We have all new sails by Doyle from Puget Sound Sails.   Jim Kitchen has been fantastic to work with and is very reasonably priced.

The roller furling boom is driven by a furling line on a drum led aft to a cabin top electric winch. We have found this to be a ‘stupid-easy’ setup and terrific for a short handed crew. The electric winch draws 45 amps so it is a consideration when conserving power. Naturally the winch can be manually operated as necessary.

Risto designed and built a hard-top dodger and bimini with 1/4″ King Starboard bolted to custom fabricated 1″ stainless steel tubing frames.

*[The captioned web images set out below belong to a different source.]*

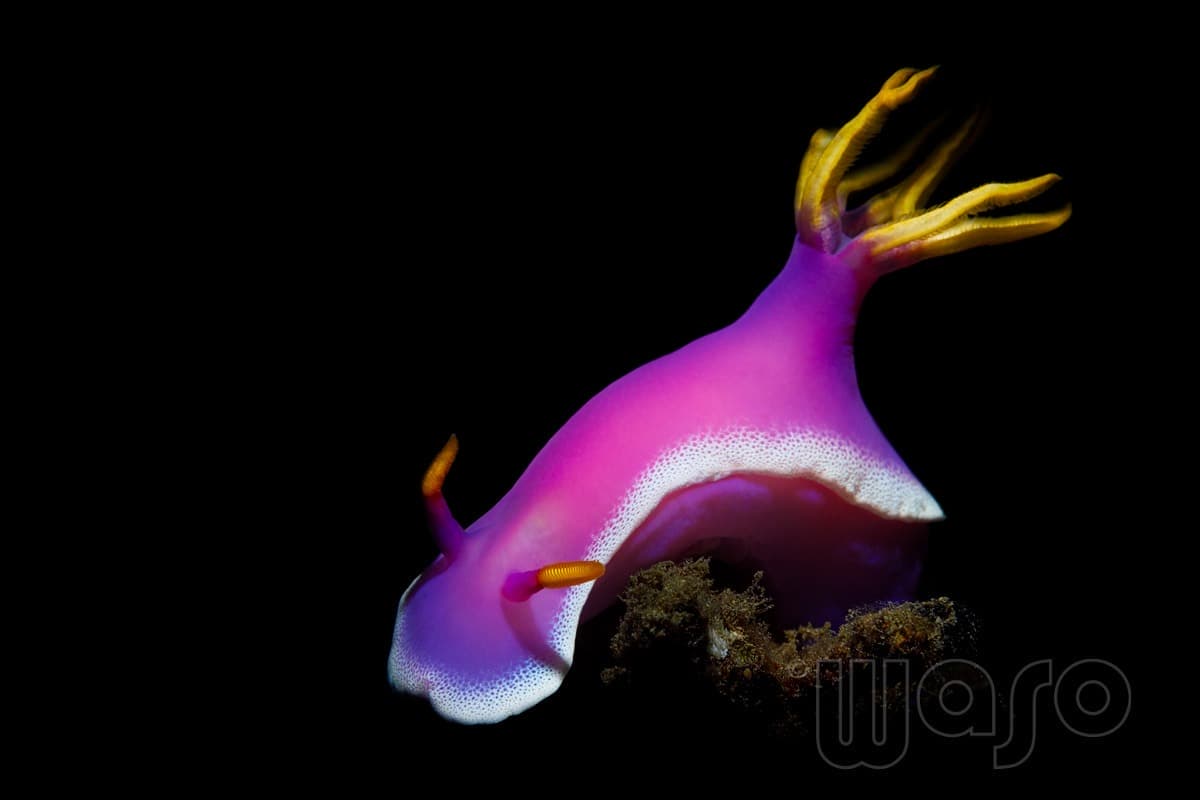 Pemuteran Bay reef and marine life, North-West Bali — image 18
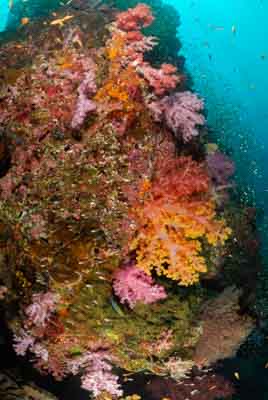 Fonds marins de la mer d'Andaman en Thailand. Photographies par Amar Guillen.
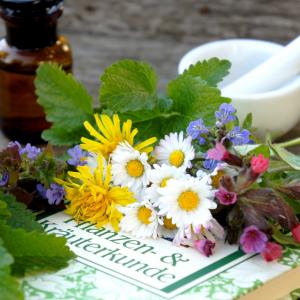 Pflanzen & Kräuterkunde - AdobeStock Pflanzen & Kräuterkunde - AdobeStock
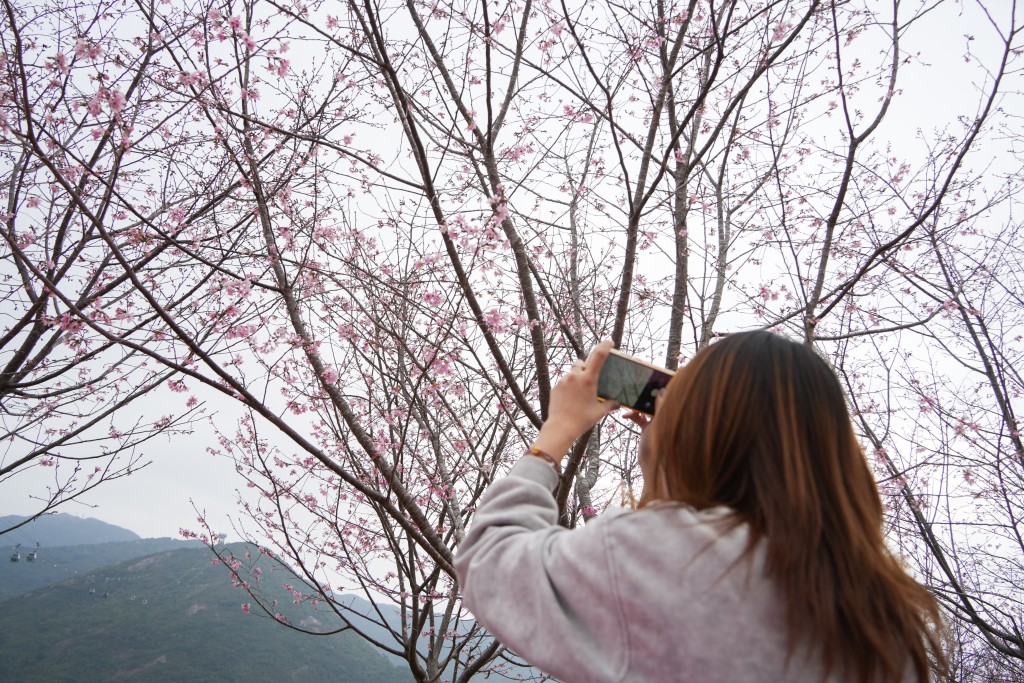 櫻花園可滿足港人打卡拍照願望。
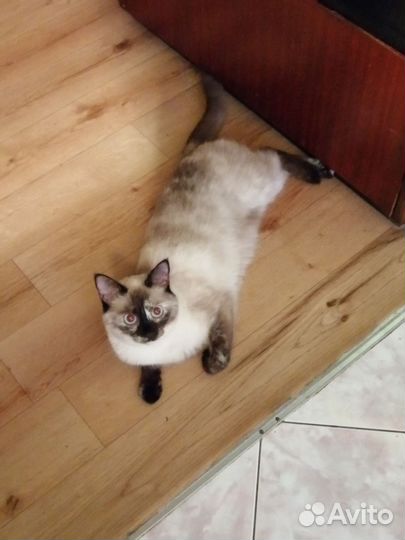 Передержка котов (кошек)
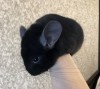 5 мес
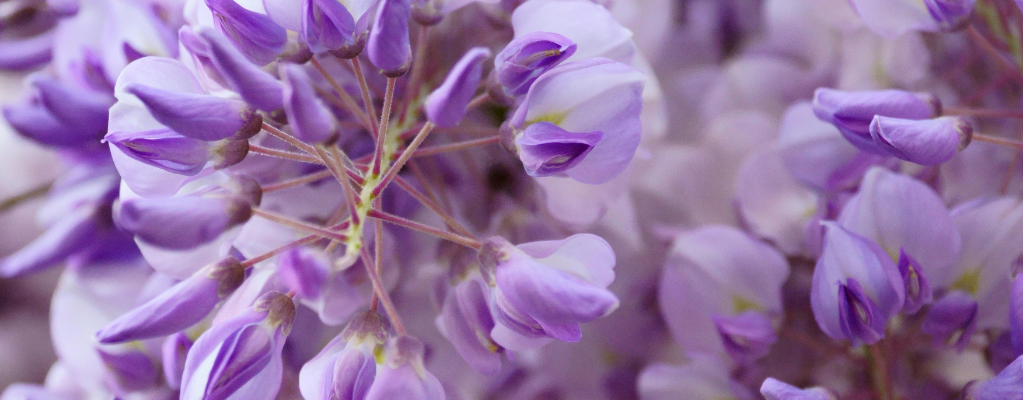 Glycine de Chine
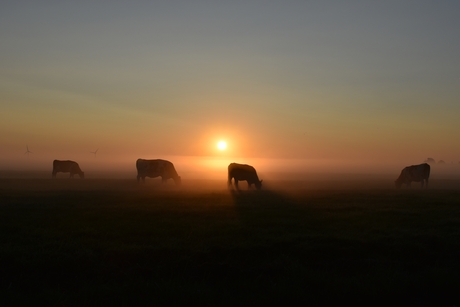 Koeien in de mist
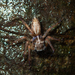Spartaeina - Photo (c) Colin Chiu, some rights reserved (CC BY-NC), uploaded by Colin Chiu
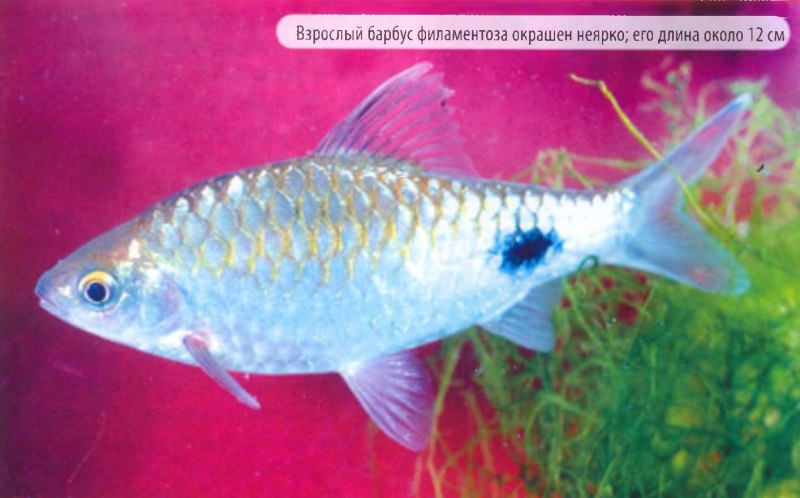 Барбус олиголепис (Oliotius oligolepis)
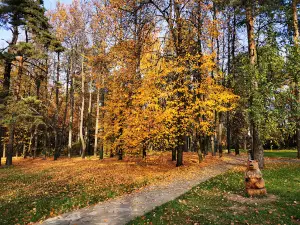 Park Kul'tury I Otdykha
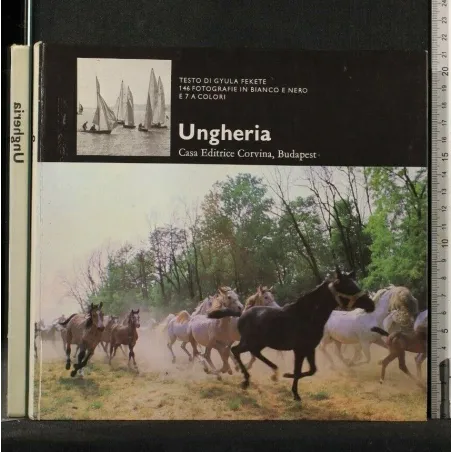 UNGHERIA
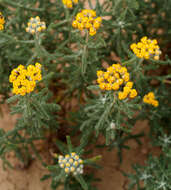 Слика од Achillea tenuifolia Lam.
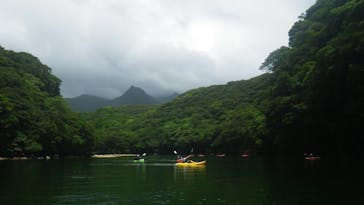 屋久島ガイドクラブに投稿された画像（2019/8/26）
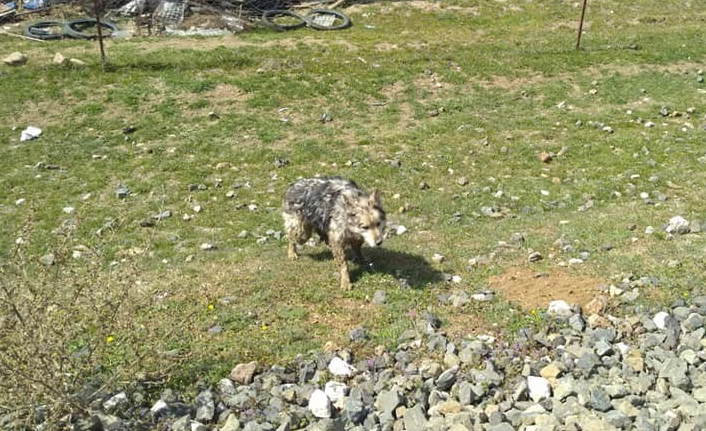 Merkeze inen kurtlar paniğe neden oldu!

The fabric wrap around on the dodger was designed and sewn by Risto on our Sailrite sewing machine. The bimini will support two 160 watt solar panels and a circulating hot water heater.

Th boat came with a Raymarine wheel mounted autopilot which would not have served well offhore. Risto designed and built a below-deck, hydraulic driven autopilot using Octopus drive components and a Raymarine Evolution EV-200 Sail control unit. So far it has worked perfectly. We’ll see how it handles quartering, following seas.

The original refrigerator on the Pearsons were designed to allow for a layer of ice blocks in the bottom with a drain to the bilge. This made for a box large enough to hide a side of beef! Not very efficient for an actual refrigerated box. We divided the box into a ‘spill-over’ system with a small freezer box separated from the refrigerator box.

The engine is the original Westerbeke 40, a 37HP, four cylinder diesel coupled to a hydraulic transmission to a V-drive. We went through the entire drive train and renewed or replaced evertthing including a new shaft, strut and fixed three blade prop.